Institutional Investors and Mutual Fund Governance: Evidence from Retail–Institutional Fund Twins (Digest Summary)

  1. Biharilal Deora, CFA, CIPM

The authors discuss how retail and institutional investors in similar investment products respond to investment signals, such as high fees and poor risk-adjusted performance. They examine the presence of greater monitoring and better performance for retail funds when an institutional twin exists.

What’s Inside?

When advisers manage multiple versions of a fund that are sold to different types of investors (e.g., retail and institutional), the funds are considered twins. The authors summarize the impact on the performance and governance of a retail fund that has an institutional twin. They find that having an institutional twin increases a retail fund’s risk-adjusted performance and offers greater monitoring, which results in reduced fees and improved managerial effort.

How Is This Article Useful to Practitioners?

The authors find that having an institutional twin for a retail fund with the same fund manager actually improves the retail fund’s risk-adjusted performance by 1.5% a year relative to a retail fund with no twin. The twin structure not only reduces the agency problems between mutual fund managers and investors but also results in stronger governance. The stronger governance is evident in lower fees, trading costs, and other implementation expenses as well as in less use of soft dollars and improved managerial efforts.

The authors also provide a positive perspective on recent legal and legislative developments related to excessive mutual fund fees.
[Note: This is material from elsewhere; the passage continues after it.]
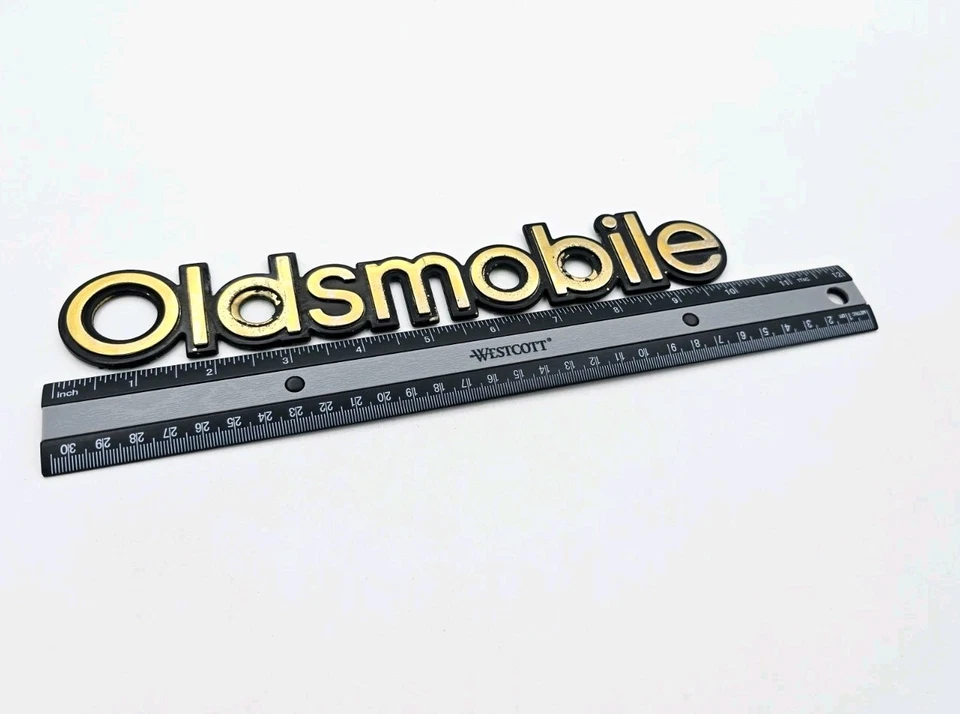 Oldsmobile Bravada 1996-2001 letras trak inteligentes símbolo signo logotipo emblema oro OEM Foto 2 de 3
They suggest that the twin-fund arrangement provides better monitoring and thus justifies the fee differential. In the authors’ sample, institutional and retail twins have an average expense ratio difference of 0.42%, which is significantly smaller than the risk-adjusted excess performance of 1.5% for retail funds with an institutional twin.

How Did the Authors Conduct This Research?

The data consist of domestic U.S. equity mutual funds in the Morningstar database from January 1996 to December 2009, with a focus on 132 of 463 twin funds in which the institutional fund was created after the retail fund.

The authors use a regression to establish whether institutional investors are more sensitive to variables that predict returns than retail investors are. They then use propensity score matching techniques to establish improved risk-adjusted performance of retail funds after the creation of their institutional twins and compare them with a sample of funds that have no institutional twins but are otherwise similar. Finally, they examine the different channels through which monitoring by investors in the institutional twin fund could improve the performance of the retail twin fund.

The authors look for any statistically significant change in direct expenses by examining the expense ratio. For indirect expenses, they examine the change in a measure created by other researchers called the “return gap.” The return gap is a measure of a fund’s actual return minus the theoretical return on the fund’s most recently disclosed holdings net of expenses. The return gap captures indirect costs, such as brokerage commissions, trading costs, and other implementation costs. Finally, the authors use the active share measure to measure manager effort. Active share is the fund’s holdings minus the holdings of its closest benchmark. The results are consistent with their conclusions about increased monitoring.

Abstractor’s Viewpoint

It is a compelling argument that risk-adjusted performance increases for a retail fund with an institutional twin, but results may not be that statistically significant for fixed-income funds or other international mutual funds, including non-U.S. equity funds.